The Brotherhood of Maintenance of Way Employes (BMWE) – later to become the Brotherhood of Maintenance of Way Employes Division of the International Brotherhood of Teamsters (BMWED) – is a national union representing the workers who build and maintain the tracks, bridges, buildings and other structures on the railroads of the United States.

History

Founded by John T Wilson in July 1887 at Demopolis, Alabama. Wilson met with other section foreman to discuss mutual problems of low wages, the hazards of their work, and the insecurity of their families.
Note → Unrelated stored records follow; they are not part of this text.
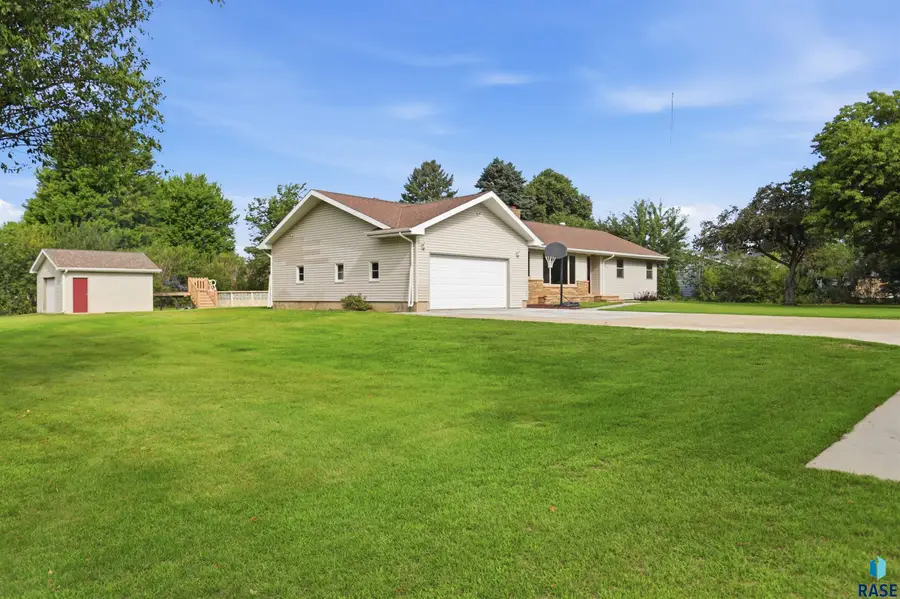 1135 150th Ave, Luverne, MN 56156 - #3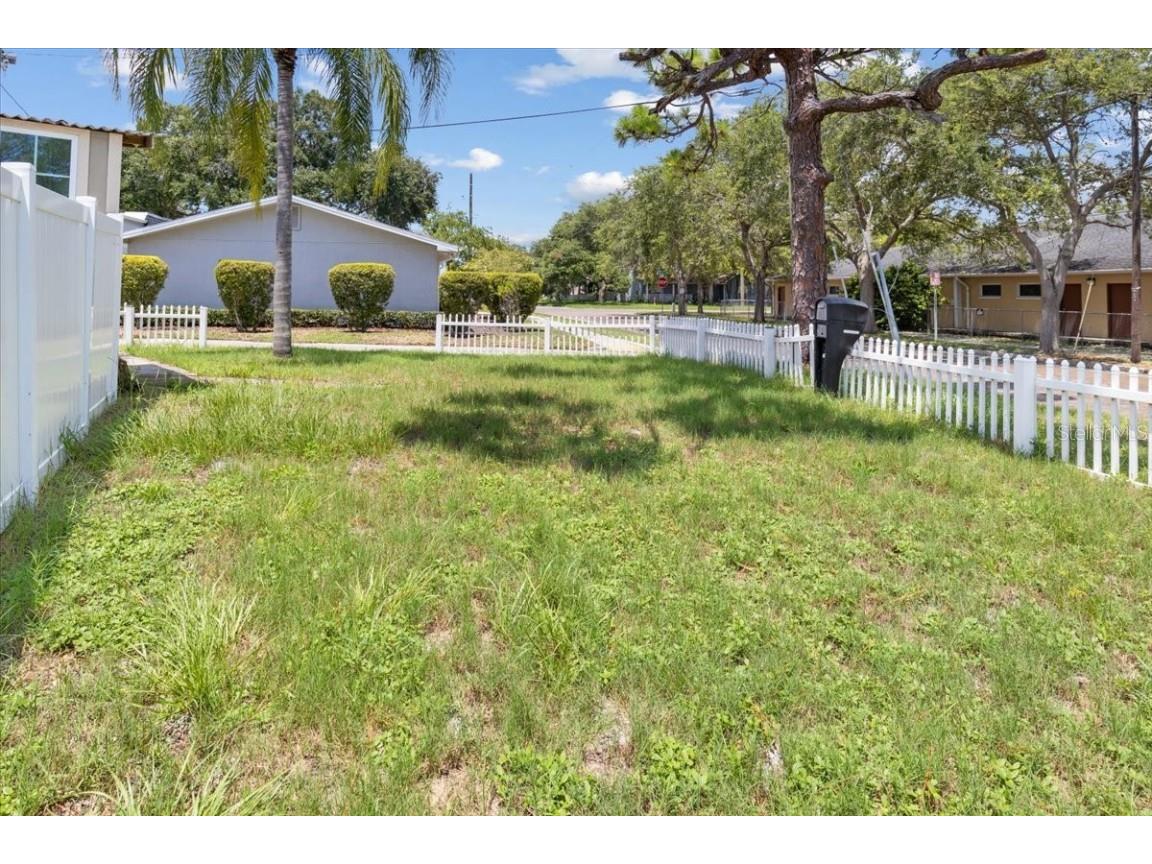 4822 3rd Avenue S Saint Petersburg FL 33711 U8252229 image8
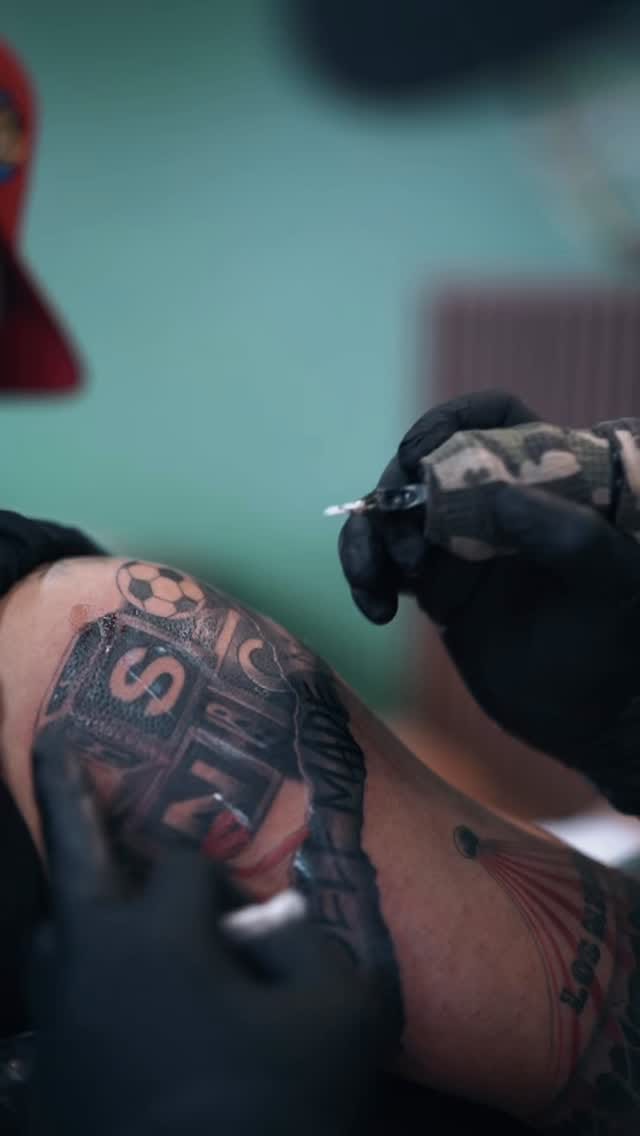 Post 1 by J CESAR • TATTOO ARTIST on Instagram (video)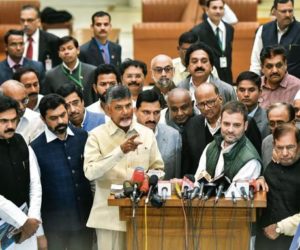 22اپوزیشن پارٹیوں کی میٹنگ ۔ ای وی ایم پر خدشات کا اظہار ۔ کمیشن کو سونپا میمورنڈم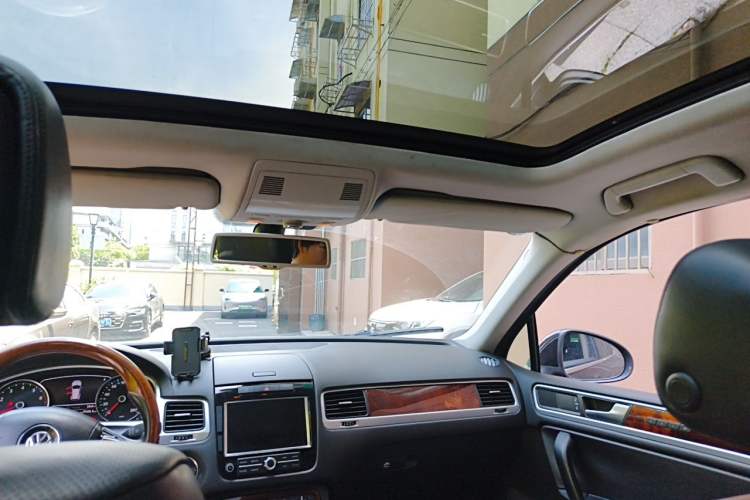 Used Volkswagen Touareg 2011 3.0 TSI High-End Version Headliner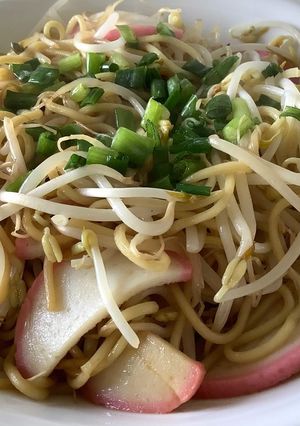 安旨い！カマボコともやしの醤油焼きそば♬-レシピのメイン写真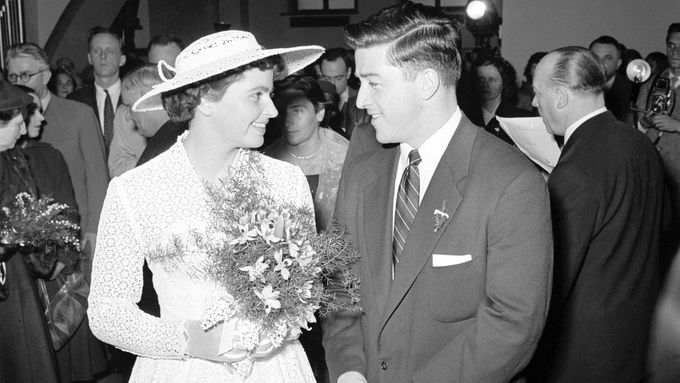 Snímek ze svatebního obřadu české atletky Olgy Fikotové a amerického atleta Harolda Connollyho na Staroměstské radnici v Praze. Rok 1957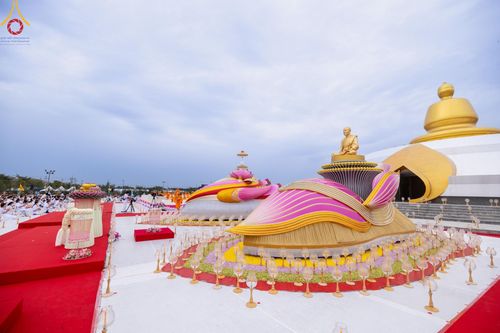 ภาพ No.118138:พิธีจุดประทีปถวายเป็นพุทธบูชา และบูชาธรรมมหาปูชนียาจารย์ พระมงคลเทพมุนี(สด จนฺทสโร) วันที่ 24 มกราคม พ.ศ. 2567 ณ อนุสรณ์สถานบางปลา อ.บางเลน จ.นครปฐม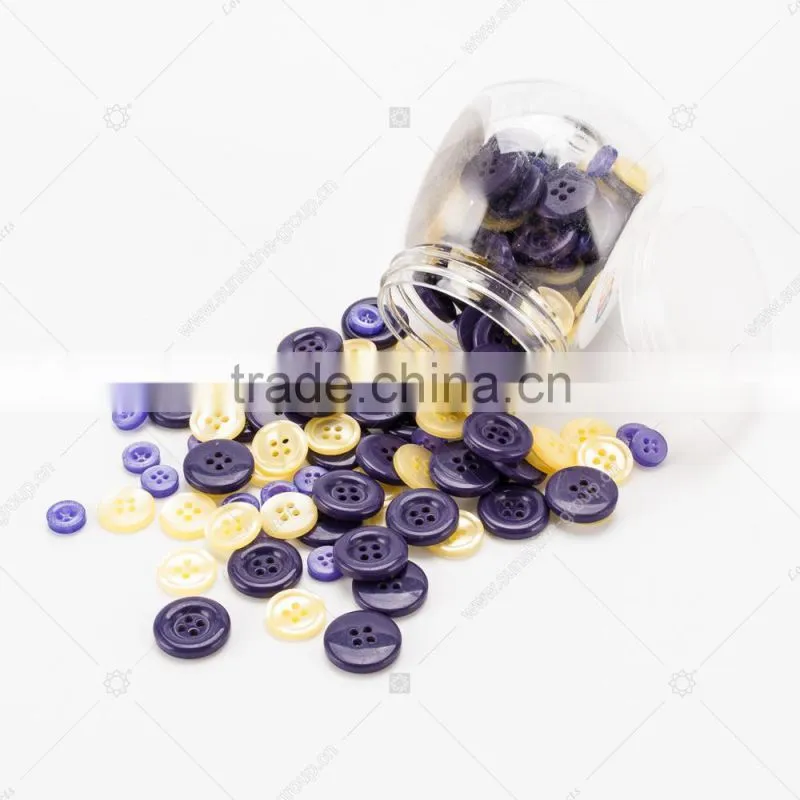 Wholesale and retail fashion plastic button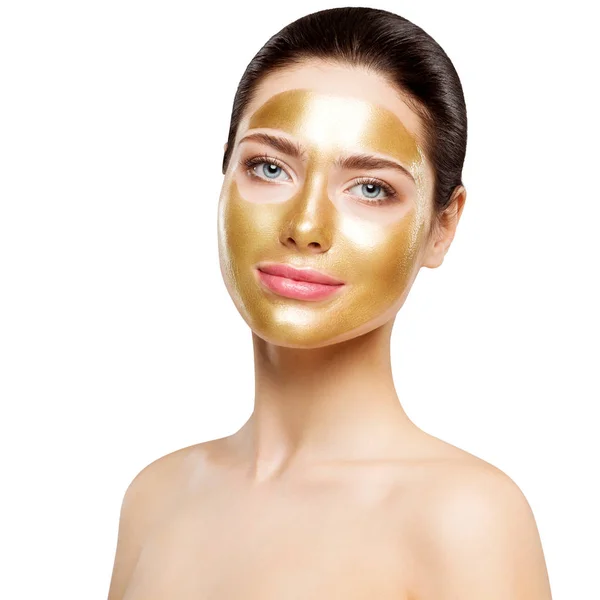 Máscara de oro de la mujer, modelo hermoso, cosmética dorada de la piel facial — Foto de Stock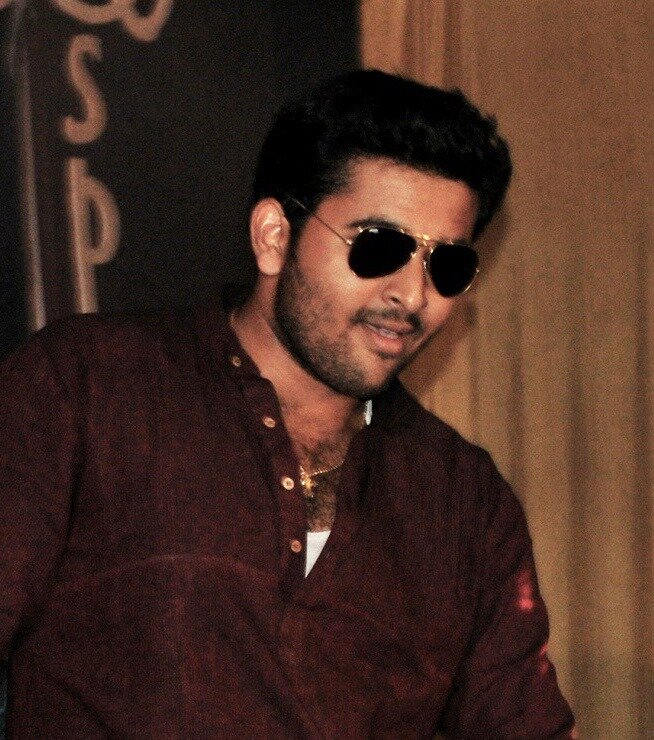 Light.....darkness.....and Life.....:)

Thanks for reading my bio......:)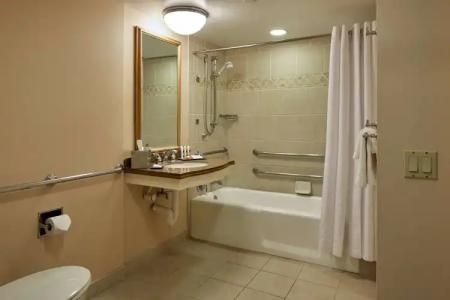 Hilton Hawaiian Village Waikiki Beach Resort - 98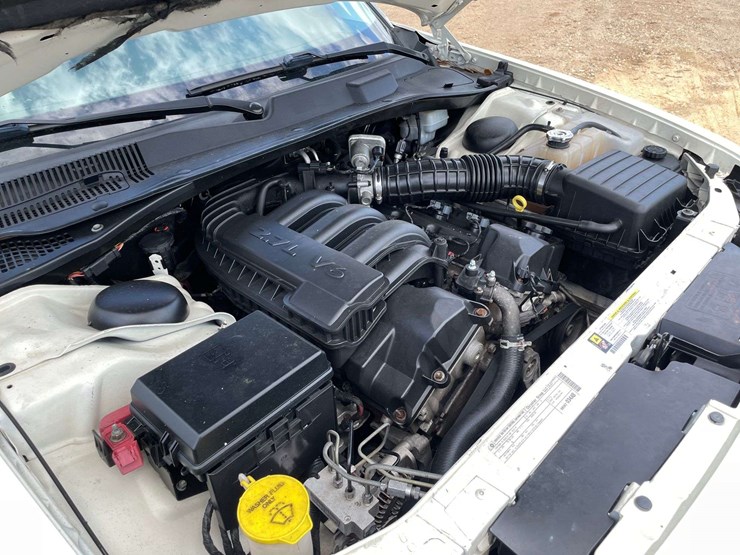 2010-chrysler-300-4-door-sedan-(119,302-miles)-image-8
They decided to form, the Order of Railroad Trackmen to assist fellow railroad workers in times of sickness and financial trouble.
Once an international union with over 350,000 members in the United States and Canada, automation, the rise of the trucking and airline industries, coupled with railroad mergers have depleted the ranks of the BMWED to under 40,000 members.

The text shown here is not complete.